I recently came across an informative retirement study conducted by the Society of Actuaries in 2013. It consisted of 8 focus groups based upon income. Here are some of the key points.
- Many people who say that they retired voluntarily actually received a little push. This push took the form of the inability to perform the physical demands of the job, health issues or needing to look after a family member. Thus the distinction between voluntary and involuntary retirement may not be so clear cut.
- The desire to pursue activities and hobbies is not a reason why people retired.
- Most people took Social Security at 62 based on a simple break even analysis.
- They are very aware of their regular income and expenses.
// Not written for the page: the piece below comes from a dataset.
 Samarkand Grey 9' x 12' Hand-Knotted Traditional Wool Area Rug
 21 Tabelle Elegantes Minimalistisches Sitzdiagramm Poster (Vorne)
They are adaptable when it comes to spending decisions and are accustomed to making trade-offs. Many maintain a separate fund which they use for discretionary spending such as travel.
- Their primary asset management strategy is capital preservation.
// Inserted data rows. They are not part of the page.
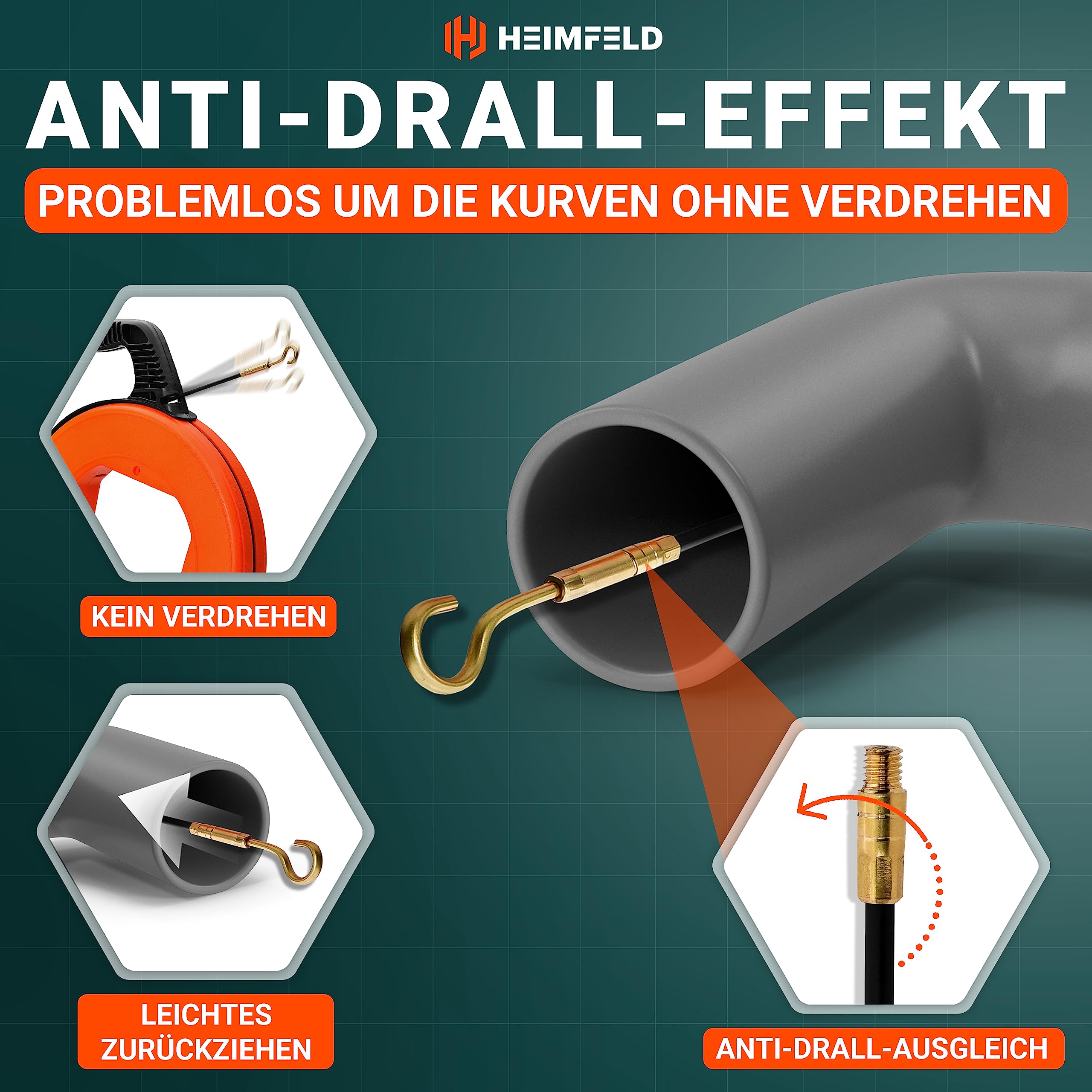 Kabeleinziehhilfe 30M - Hochwertige Einziehspirale inkl. 6 Adapter - Zugdraht für Leerrohre mit bruchsicherem Kabel [4mm] - Einziehfeder mit verbesserter Version [2024] - Einziehhilfe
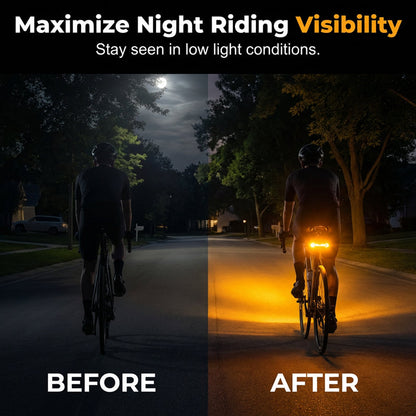 🚴Intelligens vetítőfényes irányjelzők és hátsó lámpák – 🛡️Gondtalan biztonság éjszaka!
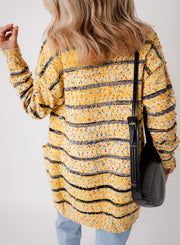 Striped long cardigan with functional pockets and round neckline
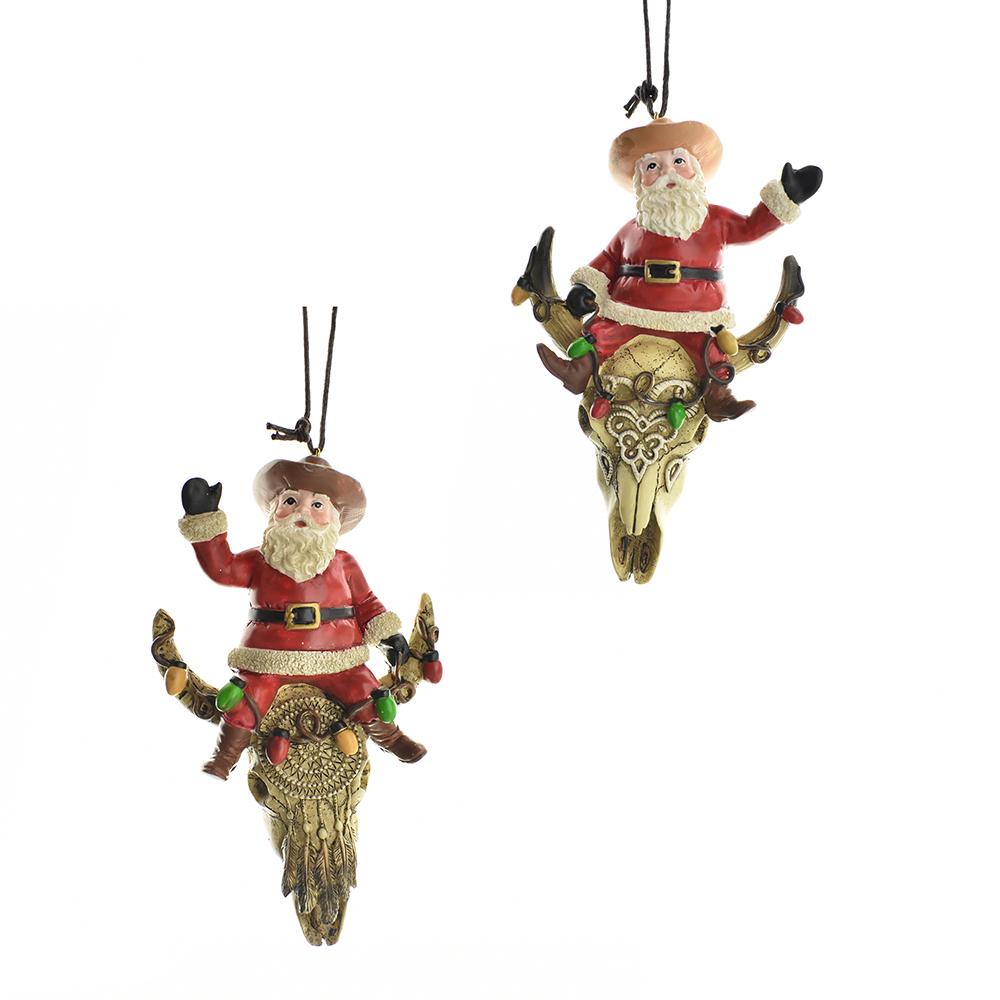 Western Santa On Cow Skull Ornaments, 4-1/2-Inch, 2-Piece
- They do not have a plan of systematic withdrawals from their retirement accounts.
- They are very careful about debt and generally do not have large credit card balances.
- When it comes to planning, the focus is on short term rather than the long term. They are most interested in cash flow for the current year and generally do not factor inflation into their plans.
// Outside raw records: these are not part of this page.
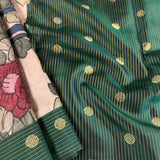 Bed of roses tussar kalamkari saree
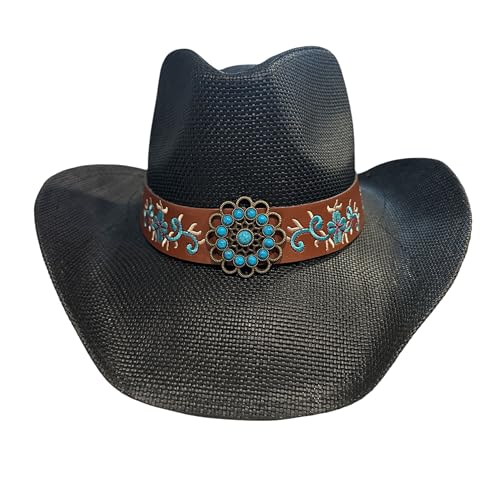 Women’s Western Cowboy Hat – High End Rice Paper Woven Design – Floral Concho Band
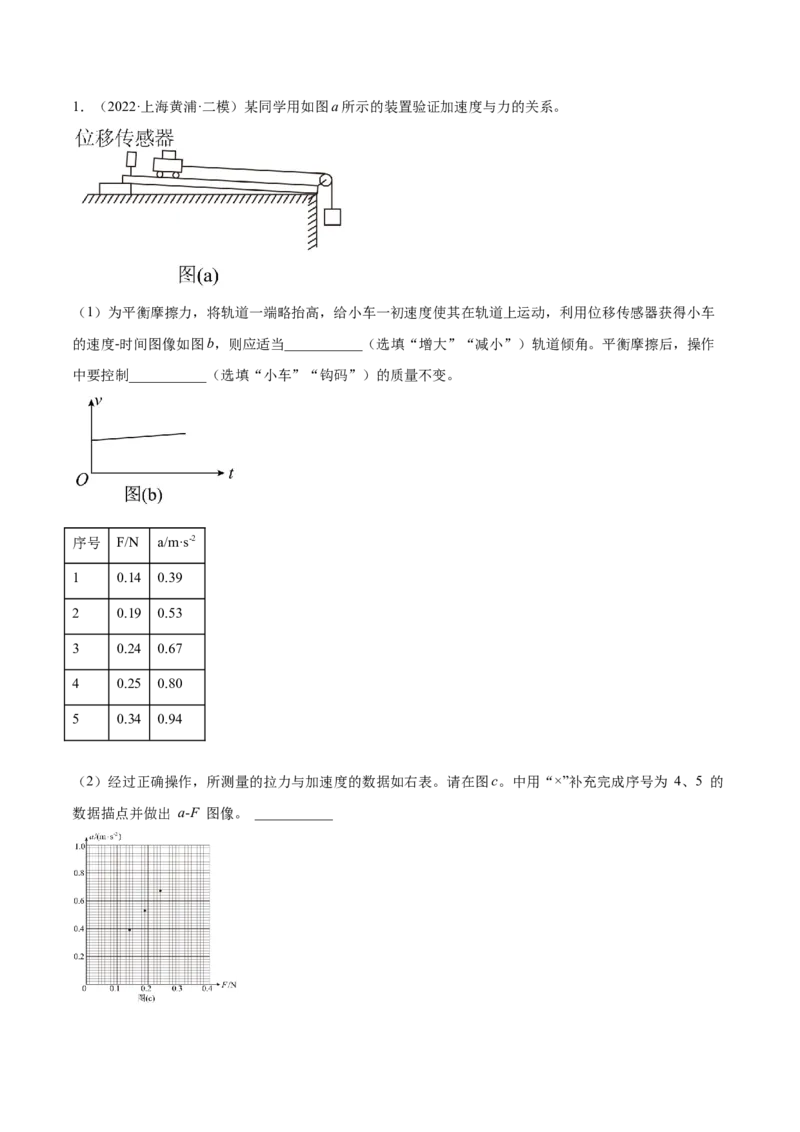 3.3实验四：探究加速度与力、质量的关系（练）--2023年高考物理一轮复习讲练测（全国通用）（原卷版）_04高考物理_通用版（老高考）复习资料_2023年复习资料_一轮复习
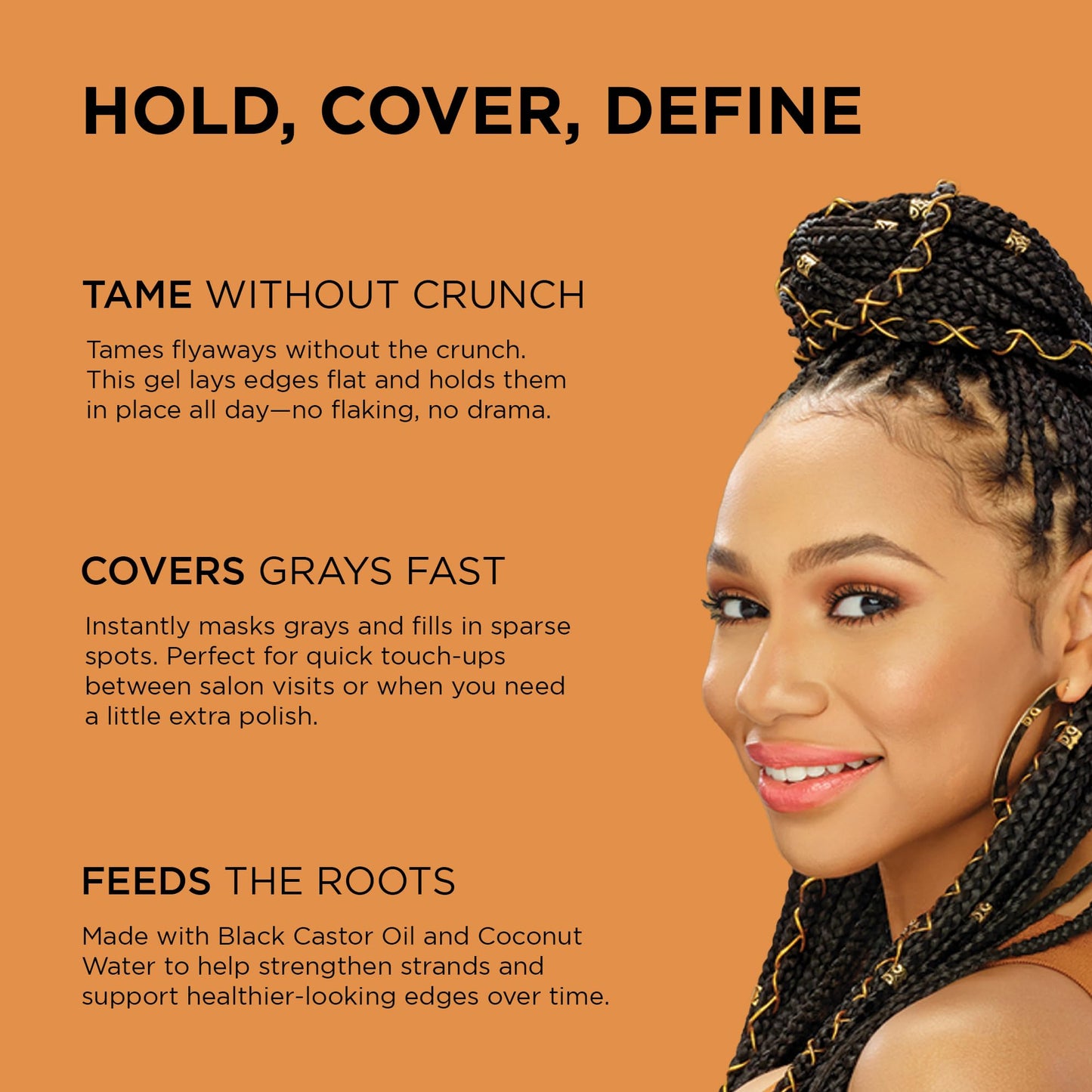 African Pride Black Castor Miracle Hold & Cover Edges Hair Gel with Black Castor Oil & Coconut Water Edge Control for Braids, Locs, Slick Styles Beauty & Personal Care African Pride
- Health is considered to be the biggest threat to their financial security but they do not explicitly plan for it.
- Risk management is focused on asset preservation, debt minimization and controlling spending. Understanding longevity risk is a huge gap in their knowledge base. This suggests that some may struggle in later years.
- There are differences between men and women. Men appear confident that they can manage any financial situation that arises. Women are more concerned about financial security and worry more about running out of money, long term care and impacting their children. Women are more social and family oriented than men. Women, more so then men, are likely to be caregivers. Women’s concerns seem justified since they generally marry older men.
- People want to hold onto their homes and home equity for as long as possible. However, some plan to downsize.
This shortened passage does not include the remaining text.